Presentation of $D_4$

Question

When one writes $D_4=\langle r,s\mid r^4=s^2=1,rsrs=1\rangle$ they are describing a quotient group. Let $S=\{s,r\}$ and $R=\{r^4,s^2,rsrs\}$. $$F_S=\langle r,s\rangle,\quad R^{F_S}=\{grg^{-1}\mid r\in R, g\in F_s\},\quad \langle R^{F_s}\rangle =N$$

and $D_4=F_S/N$. Is this correct?

Equivalently, they describe: $$F_1\overset{\partial_1}\to F_0\overset{\epsilon}\twoheadrightarrow D_4,$$ where $\partial_1:F_1\to \text{ker}(\epsilon)$ is a surjection.

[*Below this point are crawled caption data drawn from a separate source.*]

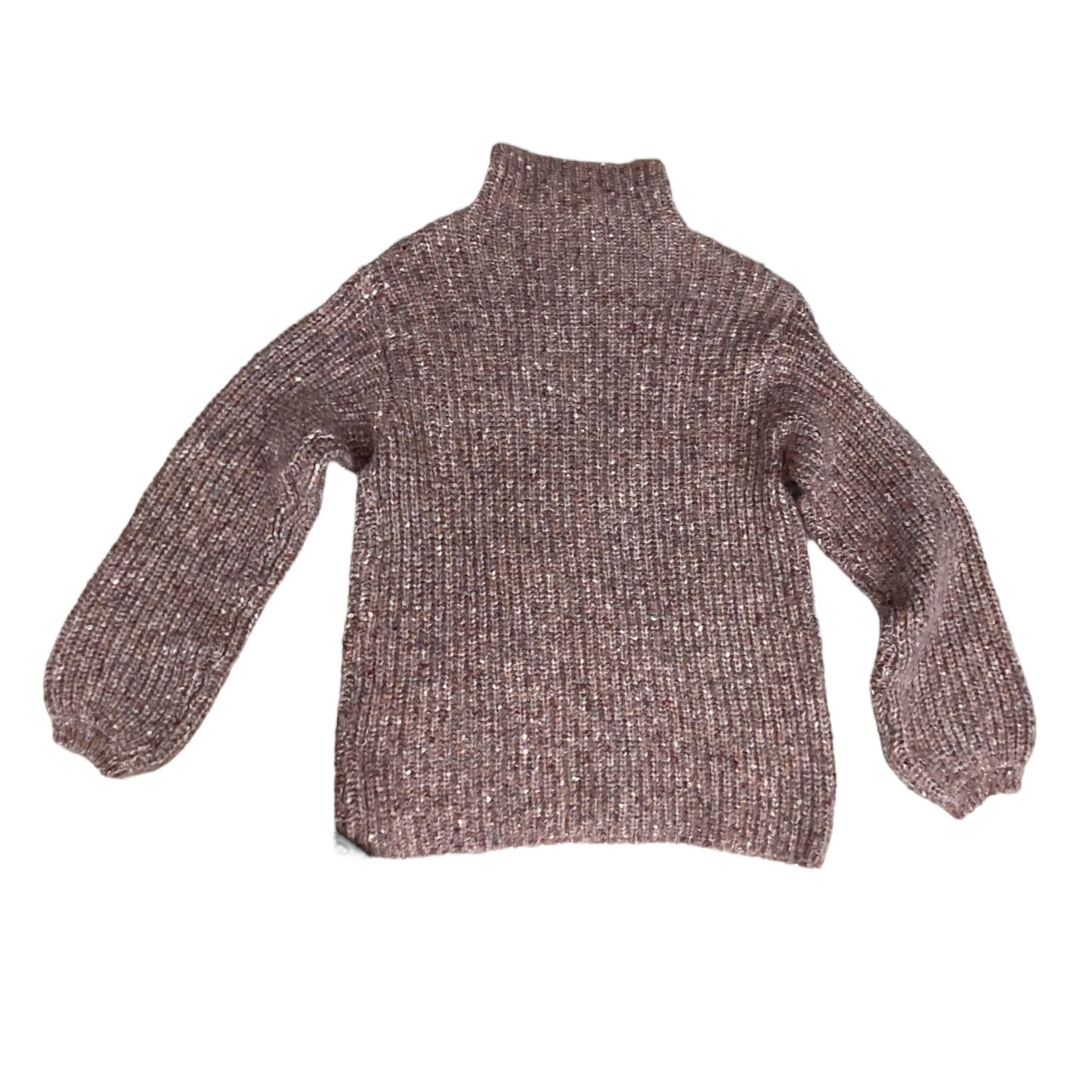 Sweater By Falls Creek In Pink, Size:S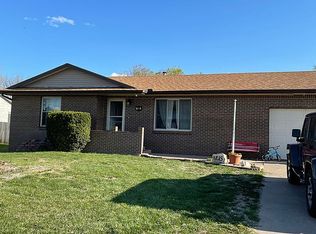 104 E Prospect Ave, Cimarron, KS 67835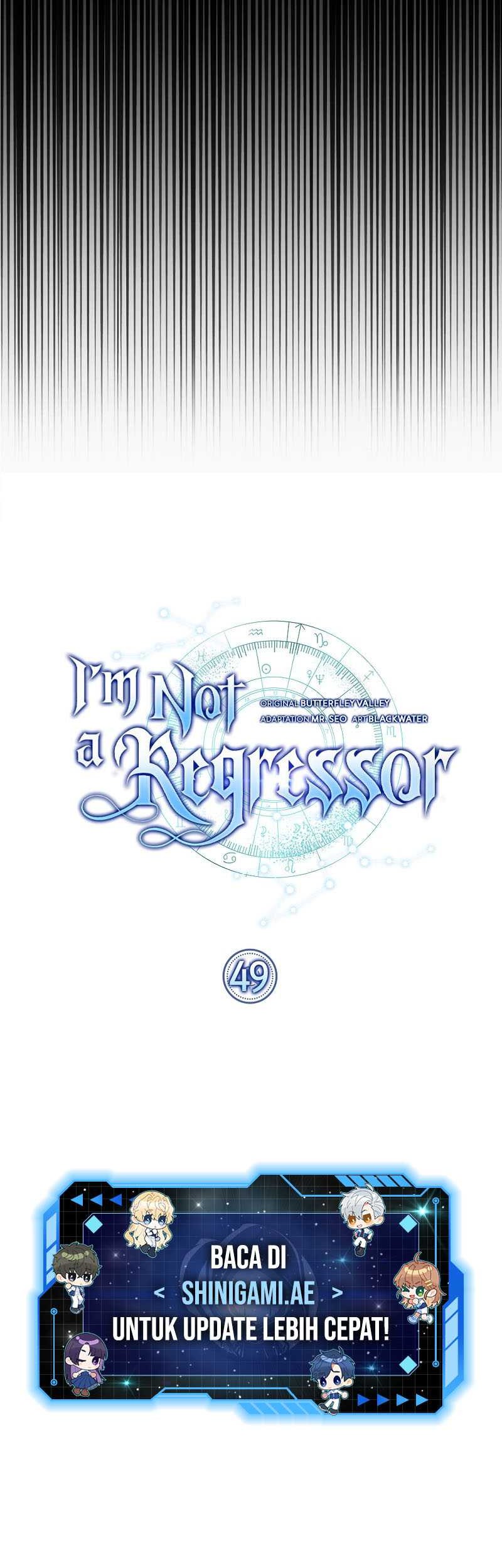 I’m Not a Regressor chapter 49 halaman 4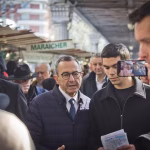 Nice : Bruno Retailleau, entre droite et extrême droite, plonge les LR dans un chaos absurde !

Where then, I take it that $F_0=F_S$ and $F_1=N$?

Answer 1

If $F_S$ is the free group generated by $r$ and $s$, then yes, $D_4=F/N$. Just writing $F=\langle r,s\rangle$ doesn't make sense, because the notation $\langle r,s\rangle$ assumes that we are already working within some group.

Answer 2

You might prefer the short exact sequence $$1 \to N \overset{\partial_1} \hookrightarrow F_S\overset{\epsilon}\twoheadrightarrow D_4 \to 1$$ as this forces $\mathrm{im}\,\partial_1 = \ker \epsilon$, $\partial_1$ injective, and $\epsilon$ surjective.

The section on groups (same page) explains that this is equivalent to your first characterization; i.e., $D_4 \cong F_S/N$.